About this exercise = In the copy, include all of the listing exactly and none of its pictures.

Records supplied =
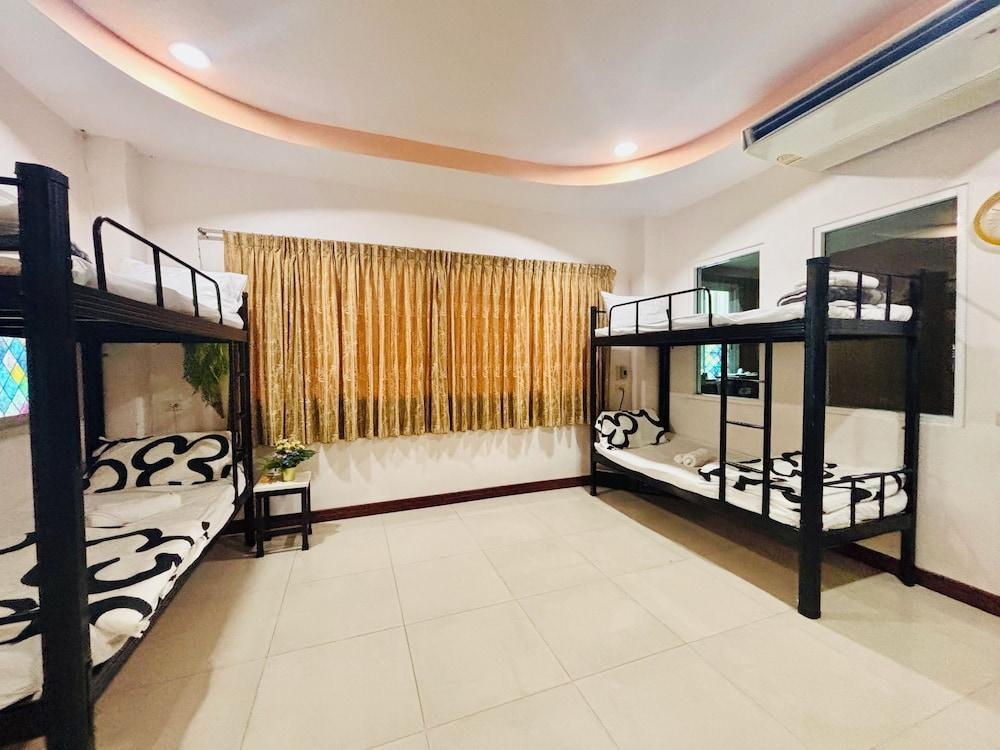 Ree Riverside hotel Room Type - Shared Dormitory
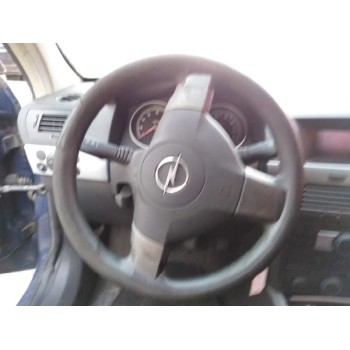 opel astra h berlina del año 2004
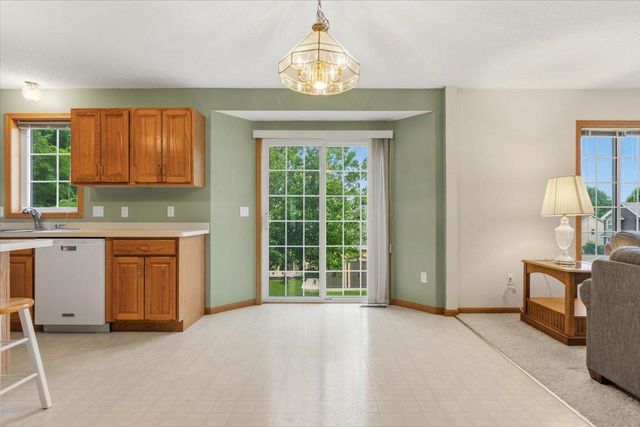 931 Sterling Street S, Maplewood, MN 55119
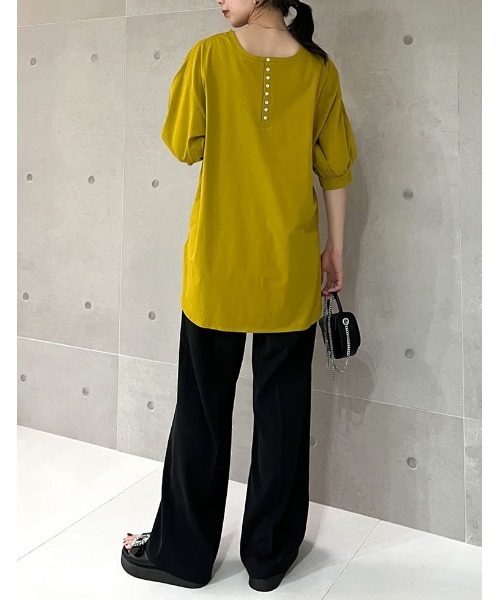 Re:EDIT(リエディ)の「前後2WAYシルケットカットソーチュニック(Tシャツ/カットソー・レディース・ホワイト/マスタード/グレイッシュベージュ/ブラック・MEDIUM/LARGE)」の19枚目の写真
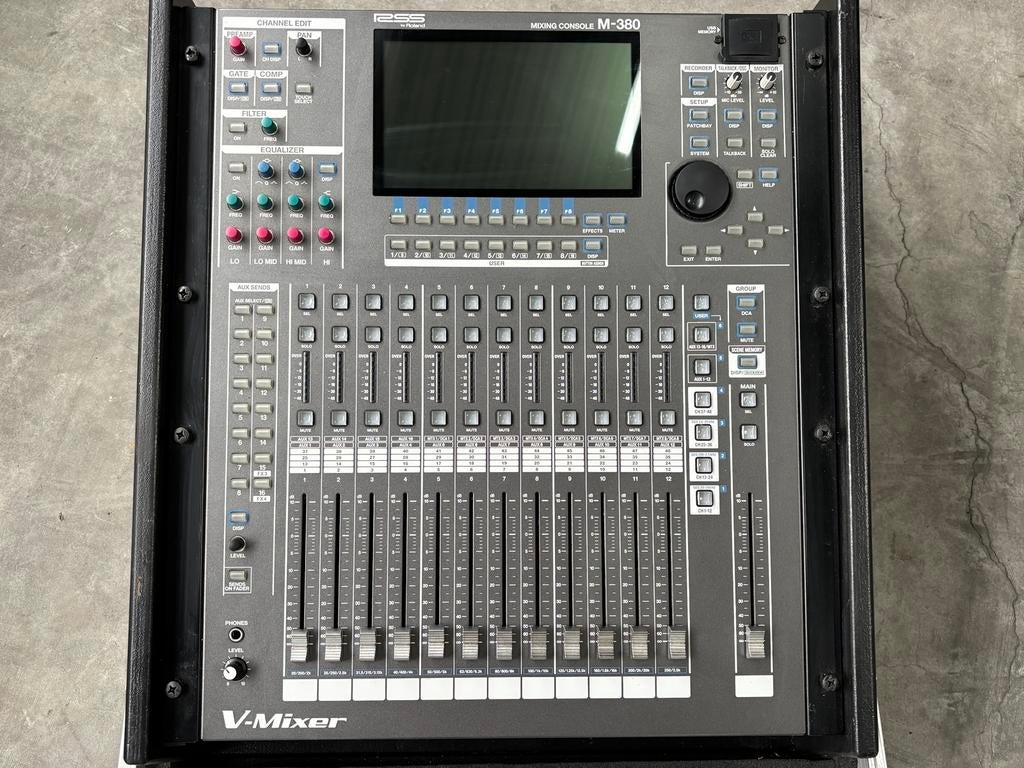 Roland M-380 digitale mengtafel in flightcase, Ophalen, Zo goed als nieuw, 20 kanalen of meer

Response below =
 Ree Riverside hotel Room Type - Shared Dormitory
 opel astra h berlina del año 2004
 931 Sterling Street S, Maplewood, MN 55119
 Re:EDIT(リエディ)の「前後2WAYシルケットカットソーチュニック(Tシャツ/カットソー・レディース・ホワイト/マスタード/グレイッシュベージュ/ブラック・MEDIUM/LARGE)」の19枚目の写真
 Roland M-380 digitale mengtafel in flightcase, Ophalen, Zo goed als nieuw, 20 kanalen of meer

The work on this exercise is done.